As a slew of public sector banks reported a sharp rise in bad loans in the first quarter of the fiscal, the finance ministry recently announced four-year roadmap for infusing Rs 70,000 crore in state run banks. Finance Ministry also sought additional funds to the tune of Rs 12,010 crore for bank recapitalisation as part of the first supplementary demand for grants for 2015-16.

  • As of now, the PSBs are adequately capitalised and meeting all the Basel III and RBI norms.

  • The government wants to adequately capitalise all the banks to keep a safe buffer over and above the minimum norms of Basel III. 

  • Finance Mintry has estimated how much capital will be required this year and in the next three years till financial year 2019.

  • As part of the plan, the government would infuse Rs 25,000 crore each into PSBs in the current and the next fiscal and then follow it up with Rs 10,000 crore each in 2017-18 and 2018-19.

  • Based on based on credit growth rate of 12 per cent for the current fiscal and 12 per cent to 15 per cent for the next three years, the finance ministry has pegged the total requirement for additional capital by PSBs at Rs 1,80,000 crore by March 31, 2019.

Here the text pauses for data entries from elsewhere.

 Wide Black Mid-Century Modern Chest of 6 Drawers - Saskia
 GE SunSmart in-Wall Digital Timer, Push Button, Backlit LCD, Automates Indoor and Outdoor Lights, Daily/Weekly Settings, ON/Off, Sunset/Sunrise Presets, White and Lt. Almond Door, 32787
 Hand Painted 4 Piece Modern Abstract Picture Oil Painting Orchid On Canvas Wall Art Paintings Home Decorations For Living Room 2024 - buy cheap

  • In the Supplementary Demand, an amount of Rs 12,000 crore has been provided, in addition to Rs 7,940 crore already provided in the Budget 2015-16. The remaining Rs 5,000 crore would be provided in the second Supplementary later this year.

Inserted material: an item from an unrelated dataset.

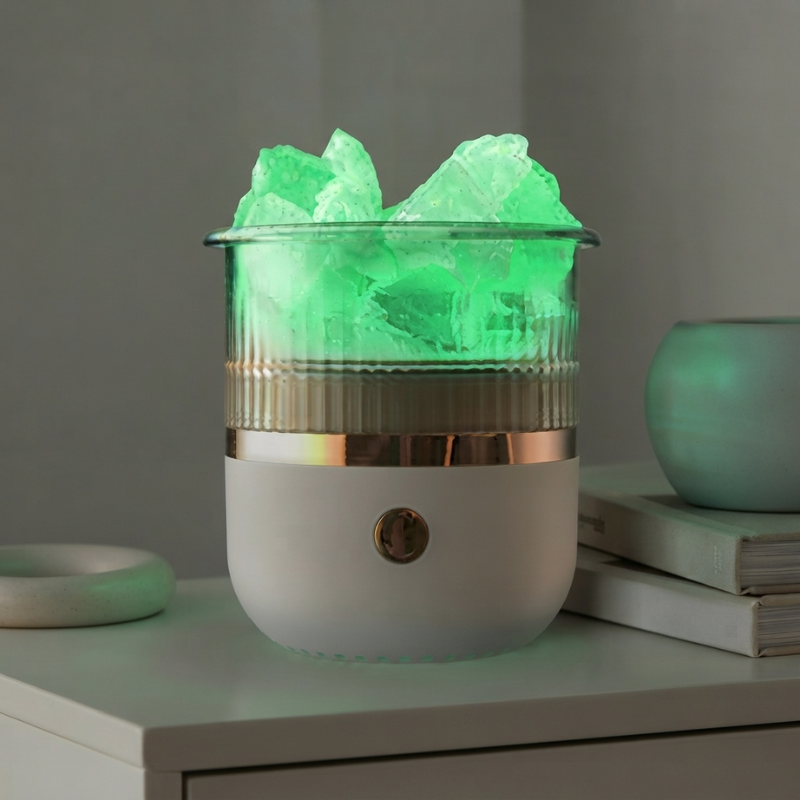Compact Aroma Diffuser with LED Light and Salt Lamp Design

  • Budget for current financial year had allocated Rs 7,940 crore towards recapitalisation of state run banks. The provision is for recapitalisation of public sector banks to enable them to maintain their Tier-I capital at comfortable level.

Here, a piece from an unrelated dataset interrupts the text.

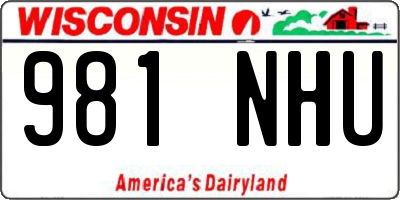 WI license plate 981NHU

  • During the current financial year, Rs 10,000 crore would be allocated to banks that have low capital adequacy ratio, while a matching amount is expected to go to the stronger players, helping them lend at a time when the government is trying to boost economic activity.

  • This estimate (of Rs 1.8 lakh crore fund requirement in four years) is based on credit growth rate of 12% for the current year and 12-15% for the next three years depending on the size of the bank and their growth ability.